▸ **PROBLEM**: Only lines containing the string "Short" belong in the answer; copy all of them from the entries.

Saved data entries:
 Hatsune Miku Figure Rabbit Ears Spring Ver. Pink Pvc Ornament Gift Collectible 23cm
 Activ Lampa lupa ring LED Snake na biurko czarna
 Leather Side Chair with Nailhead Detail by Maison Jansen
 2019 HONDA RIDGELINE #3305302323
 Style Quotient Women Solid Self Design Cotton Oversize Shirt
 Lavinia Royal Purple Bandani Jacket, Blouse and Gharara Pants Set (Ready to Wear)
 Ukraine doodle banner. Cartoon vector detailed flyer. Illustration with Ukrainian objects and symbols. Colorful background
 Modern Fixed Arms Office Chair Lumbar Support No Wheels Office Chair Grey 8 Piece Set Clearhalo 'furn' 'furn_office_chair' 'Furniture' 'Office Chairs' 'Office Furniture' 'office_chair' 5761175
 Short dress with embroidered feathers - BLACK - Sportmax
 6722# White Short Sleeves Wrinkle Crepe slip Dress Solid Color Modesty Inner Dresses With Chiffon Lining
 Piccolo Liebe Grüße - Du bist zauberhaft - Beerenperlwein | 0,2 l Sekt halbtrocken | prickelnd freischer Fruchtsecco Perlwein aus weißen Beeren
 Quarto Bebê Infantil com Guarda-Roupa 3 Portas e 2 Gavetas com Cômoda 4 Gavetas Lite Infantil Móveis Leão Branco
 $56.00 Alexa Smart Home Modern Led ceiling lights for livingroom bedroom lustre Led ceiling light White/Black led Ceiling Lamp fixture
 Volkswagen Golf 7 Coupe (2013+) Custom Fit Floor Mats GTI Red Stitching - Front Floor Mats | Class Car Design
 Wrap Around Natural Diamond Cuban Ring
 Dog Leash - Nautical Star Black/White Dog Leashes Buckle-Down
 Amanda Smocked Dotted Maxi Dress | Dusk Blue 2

▸ **PROBLEM SOLUTION**:
 Short dress with embroidered feathers - BLACK - Sportmax
 6722# White Short Sleeves Wrinkle Crepe slip Dress Solid Color Modesty Inner Dresses With Chiffon Lining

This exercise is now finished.